2. The process as set forth in claim 1 comprising:
continuing steps (c) and (e) to establish fluid communication
between the injection well and the third well; and
then continuing to inject steam through the injection well and
produce heated oil and steam condensate through the third well
while throttling the third well to keep the produced liquid
temperature less than the steam saturation temperature at the
injection well.
3. The process as set forth in claim 1 comprising throttling the
third well during cyclic stimulation to keep the produced liquid
temperature less than the steam saturation temperature at the
injection well.
4. The process as set forth in claim 2 comprising injecting a small
amount of nitrogen or methane together with the steam after fluid
communication has been established between the injection well and
the third well.
5. The process as get forth in claim 2 comprising throttling the
third well during cyclic stimulation to keep the produced liquid
temperature less than the steam saturation temperature at the
injection well and injecting a small amount of nitrogen or methane
together with the steam after fluid communication has been
established between the injection well and the third well.
6. The process as set forth in claim 2 comprising throttling the
third well during cyclic stimulation to keep the produced liquid
temperature less than the steam saturation temperature at the
injection well.
Description
TECHNICAL FIELD
This invention relates generally to a process for recovering heavy
oil from a subterranean reservoir using a combination of
steam-assisted gravity drainage and cyclic steam stimulation.
BACKGROUND ART
Over the past 20 years, there has been an evolution in the thermal
processes applied for recovering heavy, viscous oil from
subterranean reservoirs in Alberta.
The first commercially applied process was cyclic steam
stimulation.
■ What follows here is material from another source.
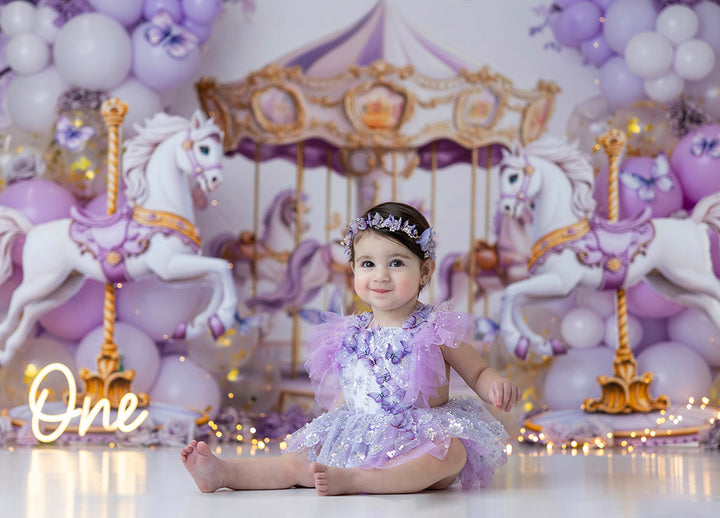 Lilac and Gold Carousel backdrop with whimsical carousel horses, pastel balloons, and fairytale birthday photo setup.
This process is commonly referred to as "huff and
puff". Steam is injected into the formation, commonly at above
fracture pressure, through a usually vertical well for a period of
time. The well is then shut in for several months, referred to as
the "soak" period. Then the well is opened to produce heated oil
and steam condensate until the production rate declines. The entire
cycle is then repeated. In the course of the process, an expanding
"steam chamber" is gradually developed. Oil has drained from the
void spaces of the chamber, been produced through the well during
the production phase, and is replaced with steam. Newly injected
steam moves through the void spaces of the hot chamber to its
boundary, to supply heat to the cold oil at the boundary.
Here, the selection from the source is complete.